Project Details
Ensuring the sustainability
of the Flinders region
The current concept is to build a 7.6 km zoned earth filled embankment adjacent to the Flinders River on Saego Station and make use of the natural topography of surrounding basalt plateau to create a water storage with a capacity in the order of 161,000 ML. Water will be taken from this storage and delivered to an irrigation precinct area of 11,000 ha. By end of the next decade the project is expected to stimulate the development of more than 20,000 ha of good agricultural land in the region, similar to what has happened at St George and Emerald.
What is key to this project is effective and efficient management and use of unallocated general reserve water within the Flinders River to deliver high value horticulture crops, such as avocados, mangoes, lemons and mandarins and deliver cereal grains, hay, and fodder crops to support the local cattle industry.
High value horticulture crops have not generally been grown within the region due to a lack of reliable water supply. To provide a reliable water supply, it is proposed to build a large-scale instream Dam of 161,000 ML, that will be located 45km north-west of Hughenden on the northern side of the Flinders River. Water stored behind a weir on the Flinders River near Alderley Crossing will be connected via a 5 km gravity diversion channel to other instream storages diverting water from the Stewart and Jones Valley Creek catchments and indirectly from Back Valley Creek catchment. A pipeline will be built to take water from the Saego Dam outlet and transport it under the Flinders River to the irrigation precinct area which is located on the southern side of the Flinders River. The scheme is designed to be fully compliant with the environmental flow objectives of the Gulf Water plan.
The rich black soil plains located immediately on the southern side of the Flinders River, within “Dunluce” is ideal for irrigated agriculture, due to soil composition, topography, being outside the floodplain and mostly clear of trees. Infrastructure consisting of pipelines and pump stations is required to deliver water from Saego dam to the proposed irrigation precinct.
The 161,000 ML storage will support a water yield of up to 74,000 ML/year of medium priority supplemented water allocations (at 80% monthly reliability) or up to 32,000 ML/year of high priority supplemented water allocations (at 95% monthly reliability). The DBC has assumed that ultimately there is likely to be a mix of these two water products in the proposed scheme comprising of around 33,000 ML/year of medium priority water to irrigate 3,000 ha of cereal grains, hay, and fodder crops and around 18,000 ML/year of high priority agricultural water to irrigate 1,800 ha of high value horticultural crops.
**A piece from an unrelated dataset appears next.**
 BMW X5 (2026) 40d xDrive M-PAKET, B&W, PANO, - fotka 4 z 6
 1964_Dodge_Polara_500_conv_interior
The new scheme will transform Hughenden and the Flinders Shire communities into a diverse, future-proofed and resilient agricultural and economic powerhouse in north Queensland. The scheme will generate $776.6 million in benefits (net present value) over the life of the project and over 1,900 ongoing new agricultural jobs, at full production. It will also create 2,500 jobs over the two-to-three-year construction period, comprised of almost 600 people directly employed in construction living in worker accommodation. At full production, about 1,900 indirect jobs to support delivery of what may well be part of a nation building project.